The problem :: Restate the full listing word for word and leave the pictures out.

The data ::
-- Opening Marker --

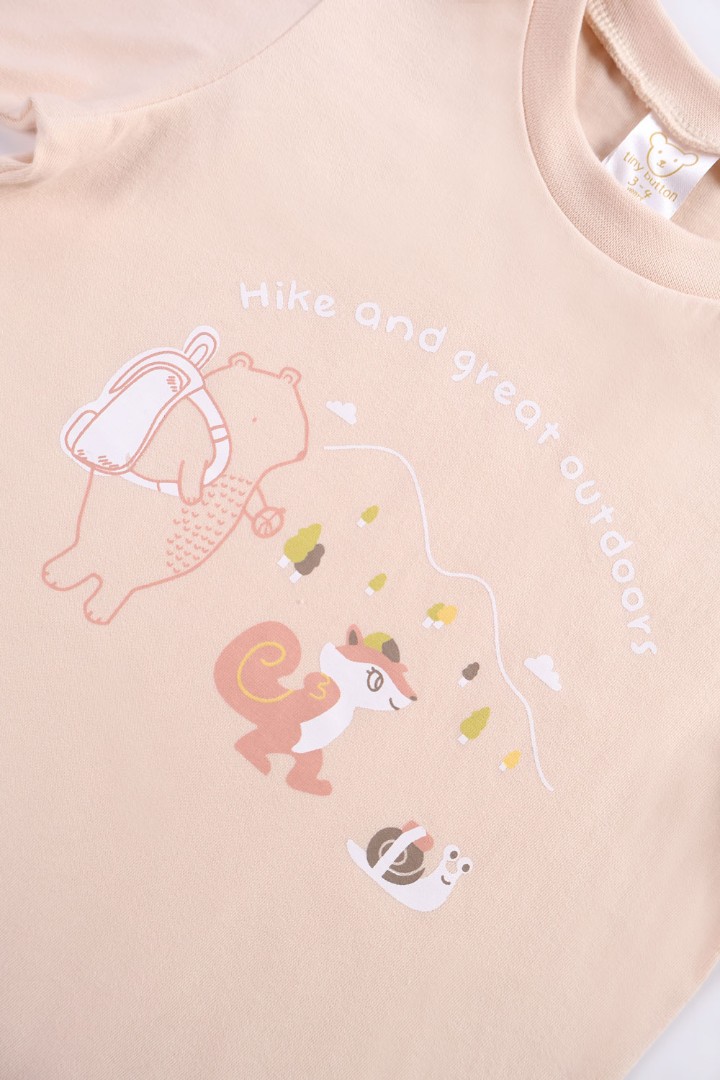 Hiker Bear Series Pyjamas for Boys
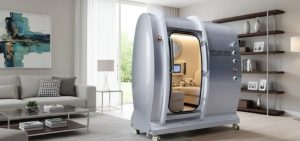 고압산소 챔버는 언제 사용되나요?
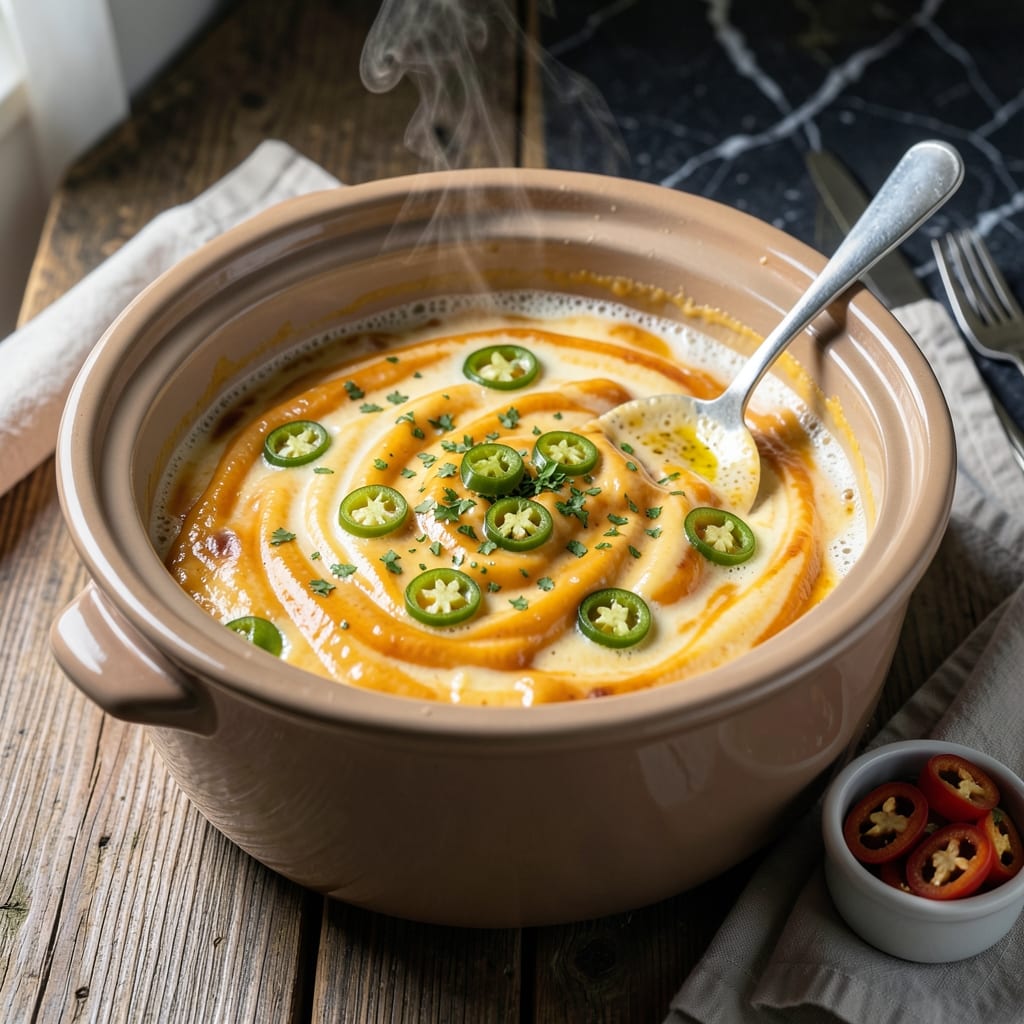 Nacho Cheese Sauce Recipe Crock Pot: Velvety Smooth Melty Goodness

-- Closing Marker --

Result for this task ::
 Hiker Bear Series Pyjamas for Boys
 고압산소 챔버는 언제 사용되나요?
 Nacho Cheese Sauce Recipe Crock Pot: Velvety Smooth Melty Goodness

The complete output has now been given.